Because Mr. Peanut and his Nutmobile were well-known to the general public, Planters "made it really easy for people to get involved with the idea," Pierantozzi said. "It was in the language of something people already understood in the world of Twitter and in the world of Facebook. It was very simple for people to get involved."
Pierantozzi also said the ad needed to find the right middle ground between humor and solemnity. "You have to strike the perfect tone on this, or you really could end up with a problem," he explained. "So we definitely considered that. We're very happy with the response we're getting. We feel like we nailed the tone."
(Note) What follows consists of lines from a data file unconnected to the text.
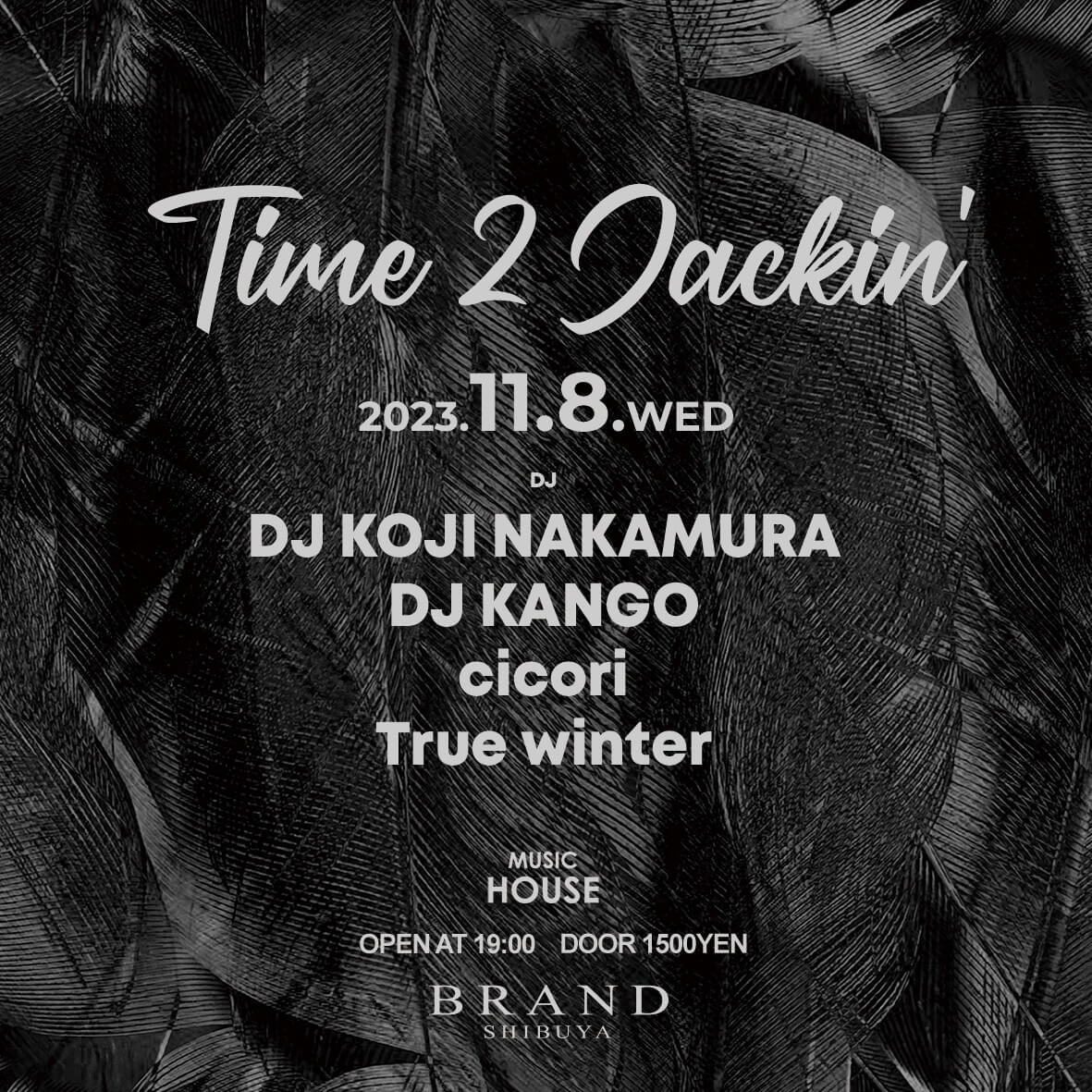 Time 2 Jackin' 2023年11月08日(水曜日)に渋谷 クラブのBRAND SHIBUYAで開催されるHOUSEイベント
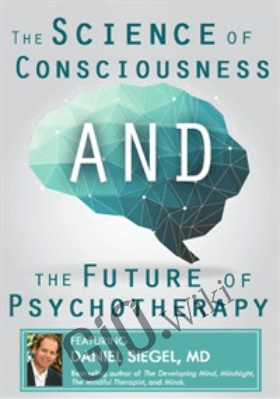 The Science of Consciousness and the Future of Psychotherapy - Daniel Siegel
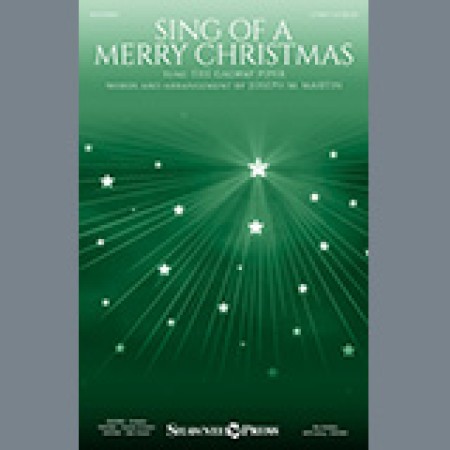 Joseph M. Martin Sing Of A Merry Christmas sheet music 950350
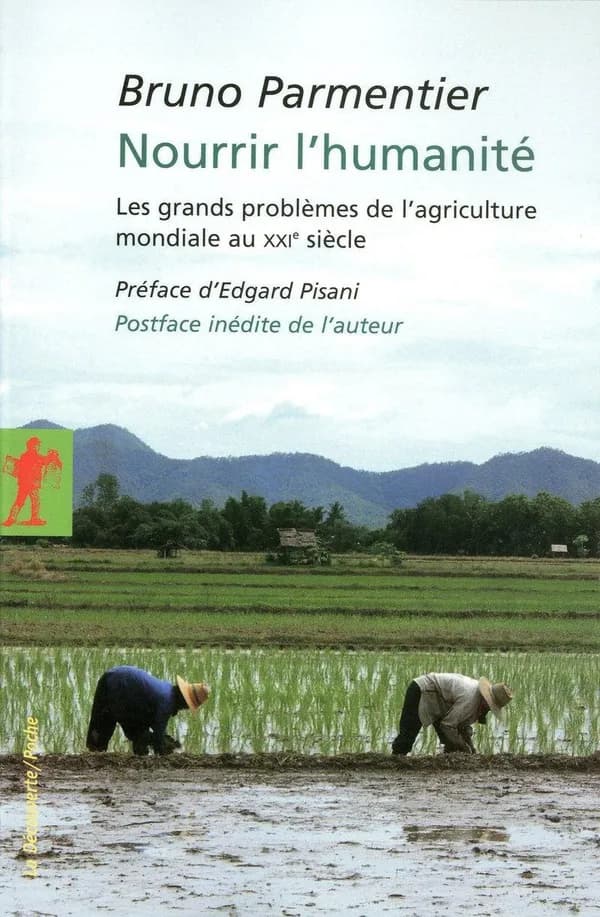 Nourrir l'humanité : les grands problèmes de l'agriculture mondiale au XXIe siècle (Éd. mise à jour) Bruno Parmentier ; préface d'Edgar Pisani ; postface inédite de l'auteur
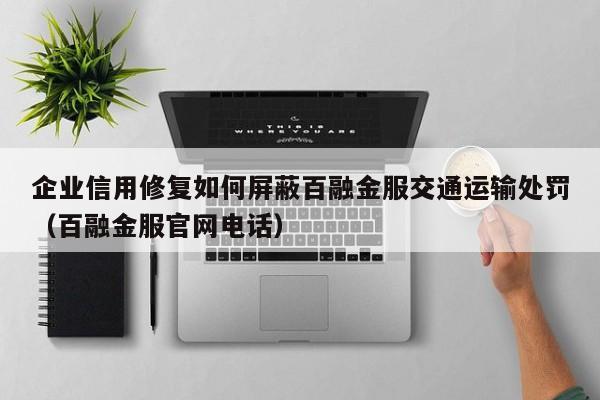 企业信用修复如何屏蔽百融金服交通运输处罚（百融金服官网电话）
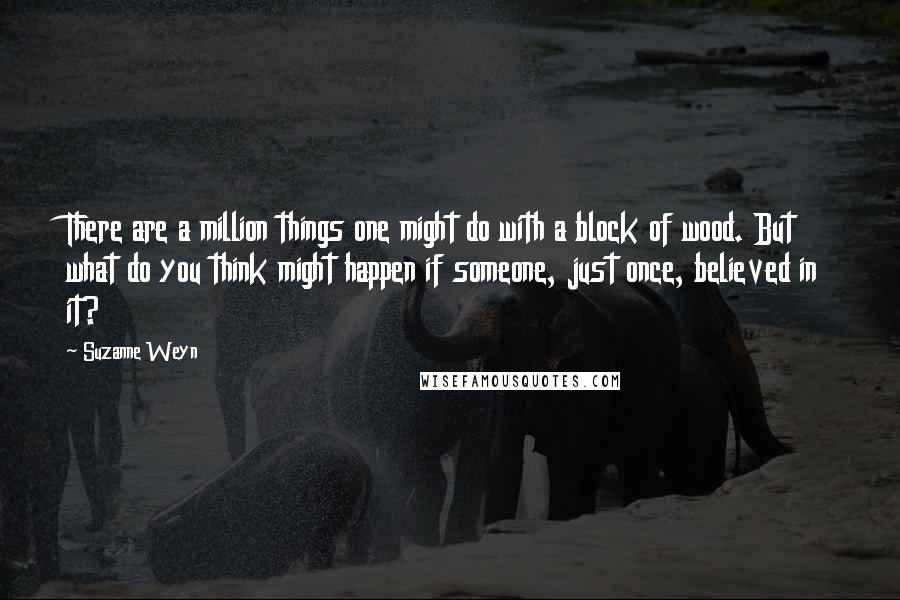 Suzanne Weyn quotes: There are a million things one might do with a block of wood. But what do you think might happen if someone, just once, believed in it?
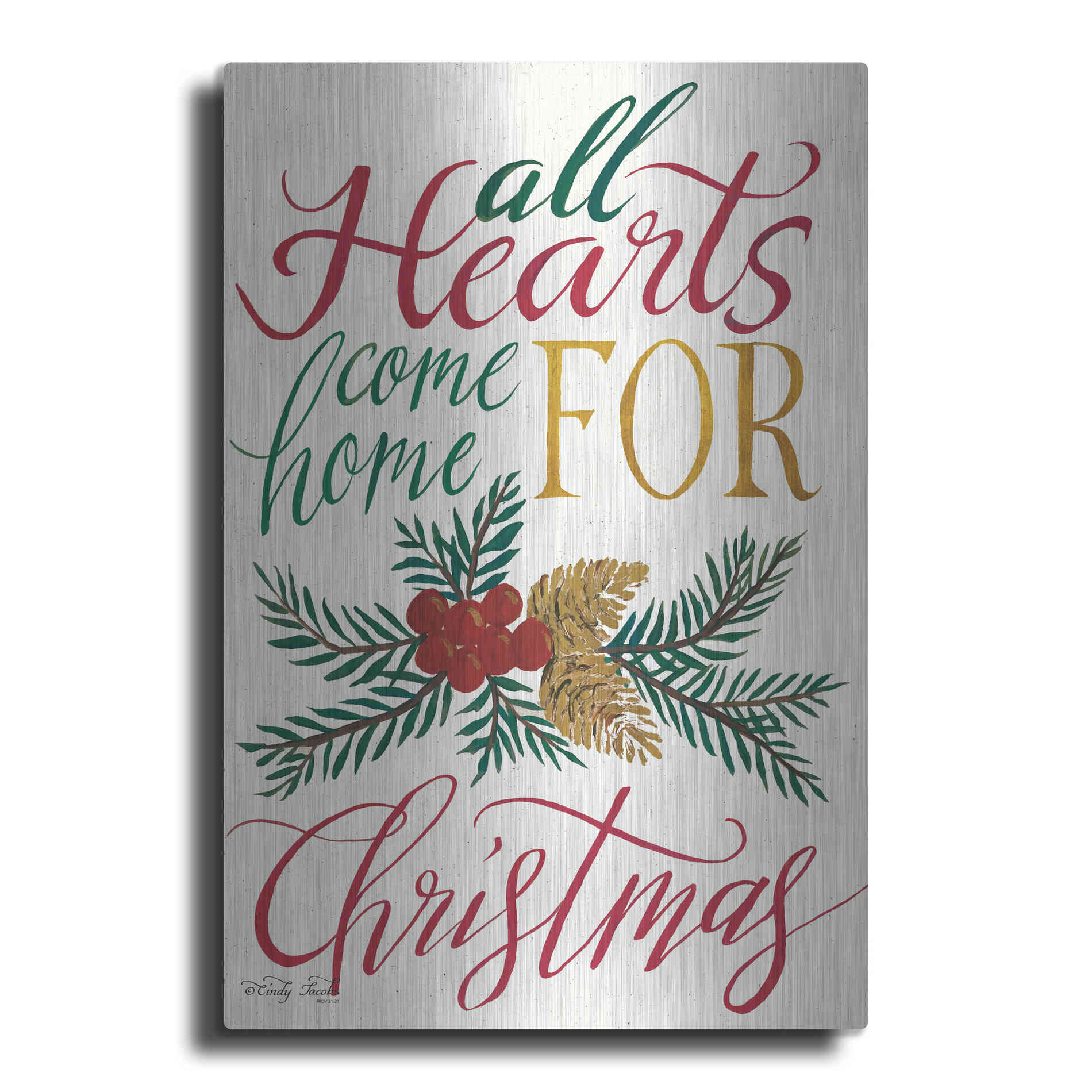 Luxe Metal Art 'All Hearts Come Home For Christmas' by Cindy Jacobs, Metal Wall Art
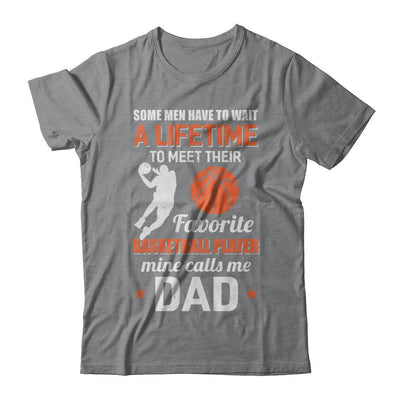 Funny My Favorite Basketball Player Calls Me Dad-T-Shirt & Hoodie-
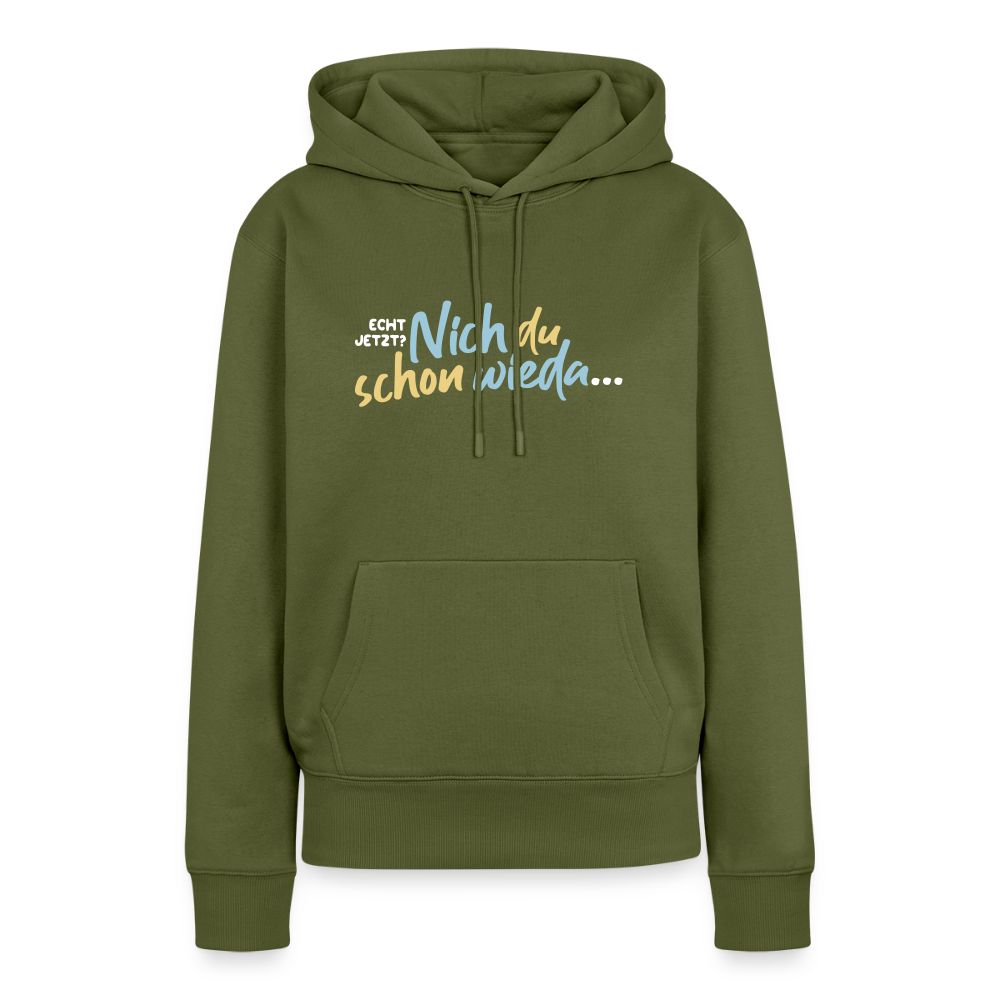 Echt jetzt? Nich du schon wieda... - Frauen Premium Hoodie - Khaki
Like Endgame, which concluded with the most famous characters of the Marvel Cinematic Universe attending a funeral for the fallen Iron Man, mourners will be able to grieve Mr. Peanut when his sendoff is aired during the big game.
"There will be a funeral, and an opportunity for hundreds of millions of people who love Mr. Peanut to pay their respects," Pierantozzi said.
While Planters parent company Kraft Heinz intends to air the "Road Trip" and funeral ads during the Super Bowl, the campaign has been put on pause following the death of Kobe Bryant, who died Sunday alongside eight others in a helicopter crash. In a statement, Kraft Heinz said the company "will evaluate next steps through a lens of sensitivity to those impacted by this tragedy."